Around about the 5th century AD many social and cultural refinements were lost to Western Culture. This was attributed to the fall of the Roman Empire. However, this had little impact on the social, tribal and ritual customs of the Middle East and we may thank the early Crusaders for bringing makeup from the Middle East to Europe during the Middle Ages. The use of white lead and red cinnabar continued through to the 18th century until newly invented forms of lighting in theaters made traditional stage make up look too obvious and garish.
The introduction of limelight in 1816, of gaslight in 1817, and of arc lights in 1846 created the necessity for a more subtle use of cosmetics on the stage. Unfortunately Max Factor was still a twinkle in an ancestor's eye, so performers had to be creative with common household and trade materials. The performer's make up kit contained white chalk (often scraped from whitewashed walls), carpenters' blue chalk, papers impregnated with red coloring or red brick dust, and India ink.
In the late 1890's, greasepaint made its first appearance, developed originally from a mixture of zinc white, yellow ochre, vermillion, and lard!
After World War II stage design and lighting changed and auditorium style theaters became common. The audience was arranged on all sides, bringing the performer closer to the spectator, making close scrutiny possible. Badly applied and heavy make up looked obvious. When given a choice between their traditional practices and the new water-soluble make up designed for the motion picture industry, performers stopped scraping walls and left the lard in the cupboard.
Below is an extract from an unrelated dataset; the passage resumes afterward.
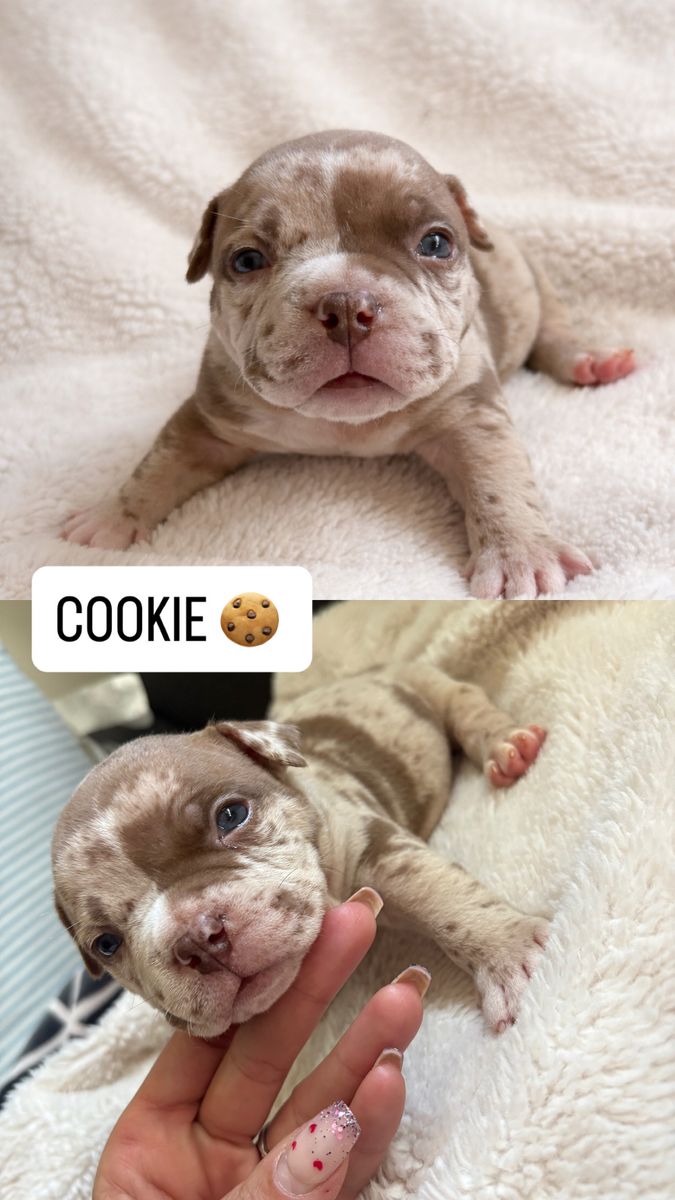 Purebred Micro/Pocket American Bully Dog Puppies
Max Factor was king!
Along with the development of safer and more natural makeup products came the development of lighting technology and in particular, the use of color gels placed over stage lights to create a mood, fluorescent light to mimic day light and halogen lights for greater illumination.
Now the performer wasn't just applying makeup to make their features more visible to the audience, but they had to take into account how the type and color of the lighting would affect the color of their costume and makeup.